THE recent discovery of close to 50 archeological heritage sites scattered within Hwange district that are in dire need of redemption has somehow brought to the fore their need for proper administration as well as preservation of such structures from sliding into oblivion.
As alluded to in previous columns, these particular cultural heritage sites known in archeology lingo as ruins are considered to be the largest of dry stone building structures concentrated in a single district within the Sadc region.
Hwange district is situated in Matabeleland North province and most of these ruins are located within Hwange National Park which is also the country's largest animal sanctuary hence its popularity with both local and foreign tourists.
Some of the recently discovered ruins are Bhale, Dobashuro, Halfway House, Holobele, Makomo, Madumabisa, Ndomolupanga, Nengasha, and Lukwalwabashaninga, among others, which are scattered within the district.
All the above mentioned sites have been traced to the Nambya tribe, which is the most dominant ethnic group and reported to have migrated from Great Zimbabwe during the 16th century and finally settled in north western Zimbabwe.

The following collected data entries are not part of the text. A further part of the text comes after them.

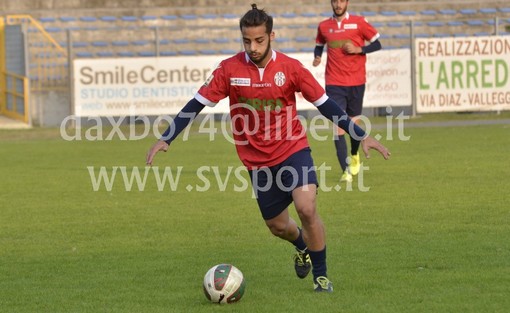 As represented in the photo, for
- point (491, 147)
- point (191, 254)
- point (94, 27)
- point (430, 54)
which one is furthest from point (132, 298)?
point (94, 27)

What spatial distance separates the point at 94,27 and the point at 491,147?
606 inches

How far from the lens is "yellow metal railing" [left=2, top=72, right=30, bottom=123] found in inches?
1141

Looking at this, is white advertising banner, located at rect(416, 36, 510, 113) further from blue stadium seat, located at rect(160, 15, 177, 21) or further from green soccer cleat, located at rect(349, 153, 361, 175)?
green soccer cleat, located at rect(349, 153, 361, 175)

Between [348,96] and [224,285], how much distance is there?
28.0 feet

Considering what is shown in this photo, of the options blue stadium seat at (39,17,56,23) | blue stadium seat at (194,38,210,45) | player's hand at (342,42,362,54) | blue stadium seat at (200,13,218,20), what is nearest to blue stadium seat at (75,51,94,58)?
blue stadium seat at (39,17,56,23)

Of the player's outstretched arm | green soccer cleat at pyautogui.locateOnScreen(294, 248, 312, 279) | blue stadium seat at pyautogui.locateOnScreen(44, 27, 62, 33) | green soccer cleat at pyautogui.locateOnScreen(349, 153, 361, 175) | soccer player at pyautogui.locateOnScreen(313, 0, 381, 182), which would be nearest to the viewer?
the player's outstretched arm

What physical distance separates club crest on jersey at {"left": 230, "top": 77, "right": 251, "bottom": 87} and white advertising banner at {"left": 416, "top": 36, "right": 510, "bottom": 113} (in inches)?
808

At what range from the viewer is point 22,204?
1368 centimetres

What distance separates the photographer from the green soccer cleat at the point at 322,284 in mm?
7730

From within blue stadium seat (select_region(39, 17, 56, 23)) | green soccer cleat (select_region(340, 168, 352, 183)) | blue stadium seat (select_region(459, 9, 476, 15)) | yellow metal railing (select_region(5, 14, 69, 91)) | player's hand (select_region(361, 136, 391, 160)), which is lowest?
green soccer cleat (select_region(340, 168, 352, 183))

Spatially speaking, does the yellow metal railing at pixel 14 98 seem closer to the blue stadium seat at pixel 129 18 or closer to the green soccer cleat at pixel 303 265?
the blue stadium seat at pixel 129 18

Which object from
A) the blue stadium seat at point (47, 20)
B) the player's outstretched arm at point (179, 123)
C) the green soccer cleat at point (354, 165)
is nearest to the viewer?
the player's outstretched arm at point (179, 123)

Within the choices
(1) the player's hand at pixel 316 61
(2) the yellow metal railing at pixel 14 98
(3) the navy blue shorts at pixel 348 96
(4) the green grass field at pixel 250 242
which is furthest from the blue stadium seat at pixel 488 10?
(1) the player's hand at pixel 316 61

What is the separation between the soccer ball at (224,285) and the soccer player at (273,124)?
0.59m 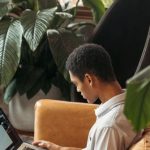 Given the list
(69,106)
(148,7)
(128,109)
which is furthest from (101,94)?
(148,7)

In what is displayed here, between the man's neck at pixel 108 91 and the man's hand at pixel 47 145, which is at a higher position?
the man's neck at pixel 108 91

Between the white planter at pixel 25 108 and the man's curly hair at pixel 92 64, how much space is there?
115 centimetres

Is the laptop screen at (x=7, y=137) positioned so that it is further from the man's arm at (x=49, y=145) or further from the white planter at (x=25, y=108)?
the white planter at (x=25, y=108)

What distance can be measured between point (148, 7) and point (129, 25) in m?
0.14

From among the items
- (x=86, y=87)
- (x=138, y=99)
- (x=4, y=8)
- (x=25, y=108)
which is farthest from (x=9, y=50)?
(x=138, y=99)

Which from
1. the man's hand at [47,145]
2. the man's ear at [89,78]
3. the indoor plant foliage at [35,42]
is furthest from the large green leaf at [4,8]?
the man's ear at [89,78]

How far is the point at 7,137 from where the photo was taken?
143 centimetres

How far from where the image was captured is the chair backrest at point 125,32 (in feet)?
6.46

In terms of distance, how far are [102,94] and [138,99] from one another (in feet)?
2.10

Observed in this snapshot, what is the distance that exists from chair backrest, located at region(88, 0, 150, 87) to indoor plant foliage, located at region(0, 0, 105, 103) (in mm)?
184

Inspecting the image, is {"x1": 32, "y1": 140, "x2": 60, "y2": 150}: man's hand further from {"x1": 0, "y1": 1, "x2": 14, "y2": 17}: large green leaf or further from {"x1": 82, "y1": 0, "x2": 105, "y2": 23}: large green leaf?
{"x1": 82, "y1": 0, "x2": 105, "y2": 23}: large green leaf

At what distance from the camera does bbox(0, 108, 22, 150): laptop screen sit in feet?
4.62

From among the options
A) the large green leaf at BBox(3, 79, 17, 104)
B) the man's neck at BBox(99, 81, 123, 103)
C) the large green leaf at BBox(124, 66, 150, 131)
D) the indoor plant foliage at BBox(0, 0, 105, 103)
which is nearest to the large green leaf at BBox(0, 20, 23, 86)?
the indoor plant foliage at BBox(0, 0, 105, 103)

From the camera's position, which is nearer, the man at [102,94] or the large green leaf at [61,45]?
the man at [102,94] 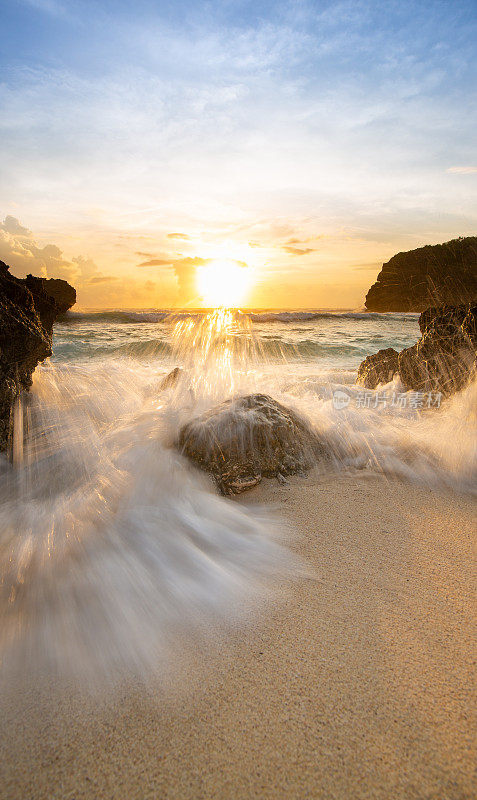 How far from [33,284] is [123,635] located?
2.61 metres

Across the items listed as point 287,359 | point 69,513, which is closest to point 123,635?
point 69,513

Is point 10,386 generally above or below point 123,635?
above

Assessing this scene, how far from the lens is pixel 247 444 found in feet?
8.57

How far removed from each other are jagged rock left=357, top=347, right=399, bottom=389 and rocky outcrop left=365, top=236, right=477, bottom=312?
48625 millimetres

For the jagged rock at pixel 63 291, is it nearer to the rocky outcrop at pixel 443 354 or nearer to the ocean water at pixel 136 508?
the ocean water at pixel 136 508

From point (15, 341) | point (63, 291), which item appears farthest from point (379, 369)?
point (63, 291)

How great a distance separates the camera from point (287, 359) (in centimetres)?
1232

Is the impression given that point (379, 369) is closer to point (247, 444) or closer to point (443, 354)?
point (443, 354)

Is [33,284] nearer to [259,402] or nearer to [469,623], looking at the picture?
[259,402]

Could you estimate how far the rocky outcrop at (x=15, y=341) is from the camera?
8.11 ft

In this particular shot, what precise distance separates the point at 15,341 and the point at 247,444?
165 cm

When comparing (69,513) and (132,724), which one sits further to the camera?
(69,513)

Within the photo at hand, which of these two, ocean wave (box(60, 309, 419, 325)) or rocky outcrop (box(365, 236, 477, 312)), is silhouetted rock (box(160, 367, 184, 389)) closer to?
ocean wave (box(60, 309, 419, 325))

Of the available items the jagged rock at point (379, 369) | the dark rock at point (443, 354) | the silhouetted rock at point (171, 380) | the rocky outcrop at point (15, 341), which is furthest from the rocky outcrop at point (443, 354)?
the rocky outcrop at point (15, 341) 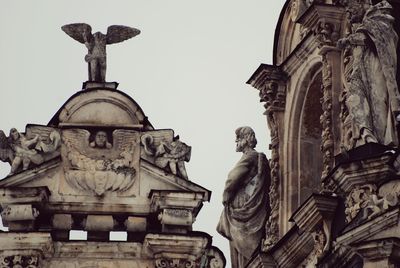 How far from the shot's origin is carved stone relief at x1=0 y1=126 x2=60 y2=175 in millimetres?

Such sites, just like any other found in the country, may have direct ancestral relations with both builders and occupants of such dry walled structures scattered within Hwange National Park. However, such structures despite being located in the game area, they are usually not part of tourism packages that would be on offer.
According to archeological researchers, out of a possible 50 stone walled ruins within the district, only Shangano, Matowa and Bumbusi have in the past featured predominantly as having traditional linkages with Nambya culture and heritage.
Students in schools and other related learning institutions are 'familiar' with the above mentioned three heritage sites even though educational tours have rarely been conducted at these particular places despite their adjacency to locals.
These sites are the most revered within Hwange district and have in the past been used for rain making rituals by local communities.
Mutowa Ruins has always been revered for such rain making ceremonies.
Mutowa Ruins is situated about 30km north west of the park's Main Camp administration offices and the site also fell victim to treasure hunters during the colonial era who were seeking gold ornaments as well as other related tradable artifacts.
Bumbusi Ruins is another settlement found in Sinamatella National Park, which has always been another revered Nambya site for rainmaking ceremonies. It is reported that a big rainmaking ceremony was conducted in 1946 and most of these functions would be under strict supervision of Parks Authority.
Even to this day local people seek permission to access Bumbusi for rituals even to have an appreciation of the land of their ancestors who are, however, concealed within a state protected area.
As earlier mentioned, most of these stonework structures are in dire need of some form of rehabilitation whose implementation is long overdue by the powers that be.
Yours Truly was at sea to whose responsibility and custodianship of such archeological heritage sites until classification of relevant legislation governing monument administration and operations.
According to National Museums and Monuments of Zimbabwe (NMMZ) Act, management of heritage sites falls under the responsibility of NMMZ whose mandate is derived from Ministry of Home Affairs and Cultural Heritage.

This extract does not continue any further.